Phil Mirzoev's blog

Friday, December 24, 2010

Republicans are suffering the deepest ideological crisis ever

I think it is because the Conservative party is now suffering a deepest ideological crisis as a whole. Some kind of powerful degeneration of the party and their ideological foundations and political self-awareness occurred.
They in essence cannot now offer anything really fundamentally different from what they actively exploited in the last century. They has become kind of ideologically exhausted and turned into a kind of political Dinosaurs the best embodiment of which are such figures like McCain and many others - people from the 20th century and sometimes from the 19th.
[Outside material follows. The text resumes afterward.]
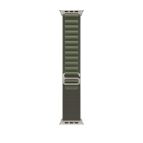 Apple Alpine Loop verde (49 mm) - Medium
The best they could think of in this situation is to wrap the old content with the expiry date long gone in a kind of renewed wrapper: and the result was the appearing of plastic dummies like Sara Palin and some others. From the age of the Cold War they - Republicans - still need some kind of war as a pivotal driver and the main justification of their existence in power (not necessarily a military war - just a war of words, a war of measures and ideas): the war with some enemy that wants to deprive the US of its values of its air, water, good traditional family, peace, security etc etc. In this old good scenario they wouldn't have to create any new values, they would just defend the old ones and you would thank and praise them for performing this heroic task.
But the problem is that now comes an age when war is not essential like it was, an age when politicians must be ready to accept new realities and sometimes review some old values. But Republicans just turned out to be absolutely unprepared to generate something new. So there we are: they just mechanically continue to do what the did in the past: search for what could be categorized as bad and dangerous and make an impression of actively defending you against those evils (be it taxes, or Wikileaks, or abortion, masturbation etc etc etc), even if those evils sometimes were unarguably created by themselves (like crisis).
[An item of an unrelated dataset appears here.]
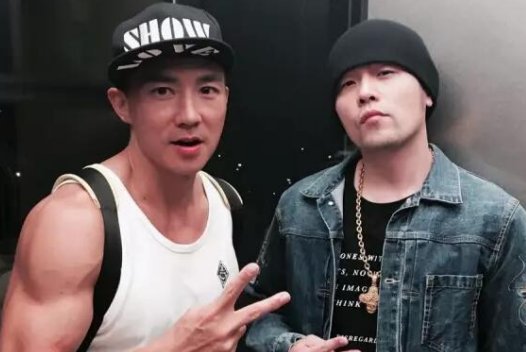 #全网有多少刘畊宏女孩#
Yes before recent it worked ok and the 9/11 terrorist attacks played into the hands of the Republicans, giving their ideology (or rather lack of it) an extension - a new enemy to fight with, and, there they were needed again. But all too soon people understood that wars in the old fashion breed terrorists faster than kill them, and that a new vision and study of this problem is vital to really decrease the influence and reduce the number of terrorists. But new vision and new studies and approaches require creative work, not heroic slogans or swinging your fists. And creative work is not something Republicans happened to be ready for (not only in fight against terrorism but on all fronts, including international relations, economy etc). So the Party kind of 'degenerated' because of its inability to offer something fundamentally new.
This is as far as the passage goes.